Le Sceptre d'Ottokar est un sommet, l'apogée de la première partie de la carrière de Hergé. Depuis Le Lotus Bleu et sa rencontre avec Tchang, le jeune auteur fait entrer le monde réel dans les aventures de son héros. C'est particulièrement vrai dans ce récit écrit dans les dernières semaines avant le déclenchement de la seconde guerre mondiale. Si la Syldavie et la Bordurie sont des pays imaginaires, ils sont clairement situés dans les Balkans, et la menace que le second fait peser sur le premier en rappelle d'autres bien réels. Dans un de ses échanges épistolaires avec Charles Lesne, son interlocuteur chez Casterman, Hergé se fait visionnaire : « La Syldavie, c'est l'Albanie. Il se prépare là-bas une annexion en règle ». Cette planche se situe à un moment clé du récit.
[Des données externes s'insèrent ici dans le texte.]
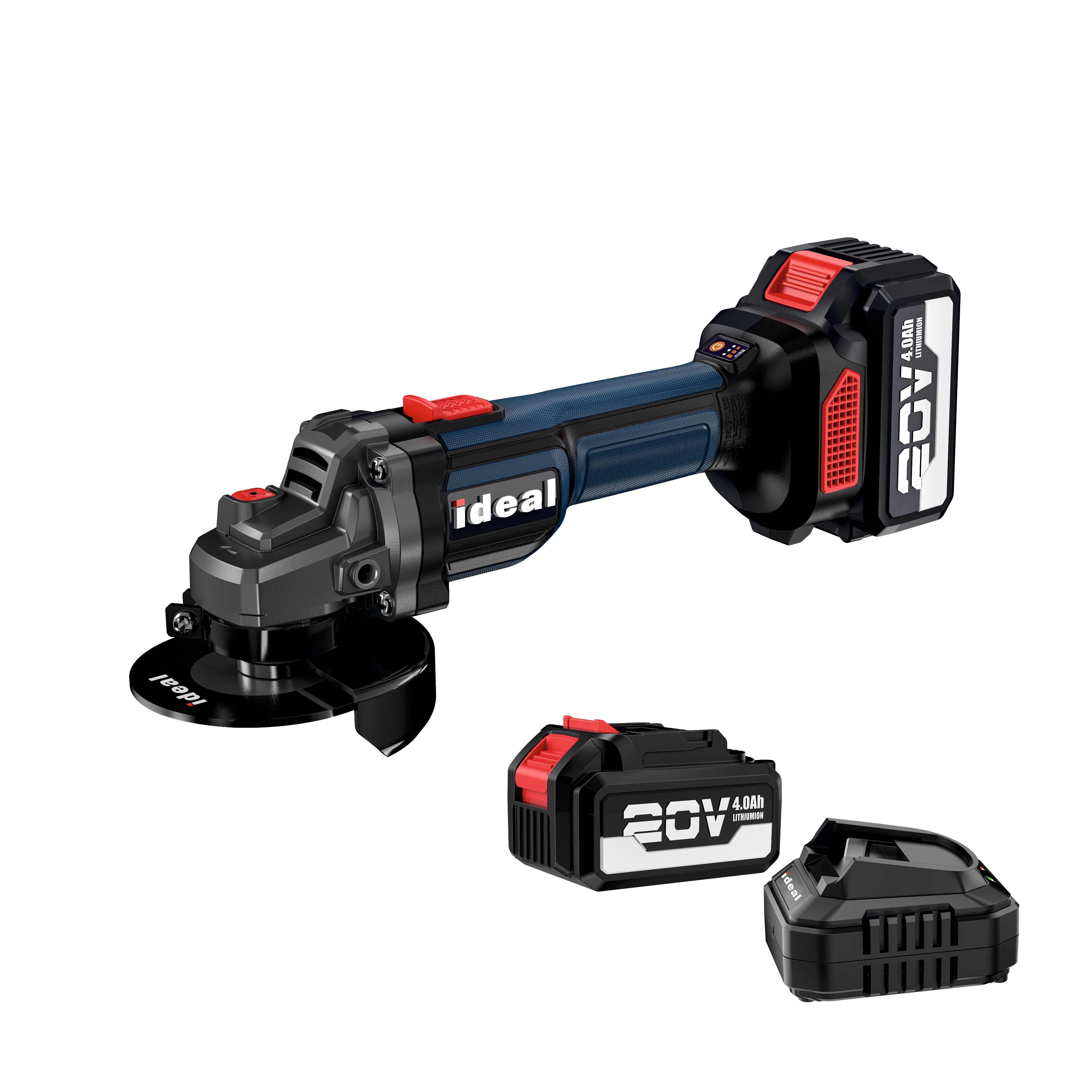 IDM AG-B125 [4.0A-20V] CORDLESS ANGLE GRINDER MACHINE [CORDLESS KIT - (INC. BATTERY (2PCS) | CHARGER | ACCESSORY) [G - 240V]] [Makita Type] - 30268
Après une fulgurance, Tintin a compris comment le sceptre était sorti du palais royal. Il se rend à l'endroit où il espère le retrouver, mais tombe nez à nez avec les conspirateurs. Les pages qui suivent vont décider du sort de la Syldavie... Graphiquement, Hergé maîtrise désormais son art à la perfection. Son dessin est épuré comme il ne le sera plus par la suite. Rien de superflu dans le décor, juste le nécessaire pour dégager une impression de réalisme. Sur le plan du rythme, la page est incroyablement dynamique. Quelques semaines après sa parution, dans une interview parue dans La Revue de Saint-Boniface, Hergé revient sur sa manière de faire. « Ma façon de raconter une histoire se rapproche beaucoup plus de celle du cinéma ordinaire que de celle du dessin animé. J'ai repris au cinéma actuel ses procédés de découpage : au moment où l'on parle d'un personnage, il faut montrer ce qu'il fait, varier les plans [...]. Tout cela, je le fais facilement parce que je suis arrivé à voir les choses "en cinéma", si vous me passez l'expression ». Enfin, cette planche magnifique se termine par un effet dont l'auteur a pris l'habitude : un cliffhanger, un évènement inattendu, qui va tenir les lecteurs en haleine jusqu'au jeudi suivant... Une pièce muséale.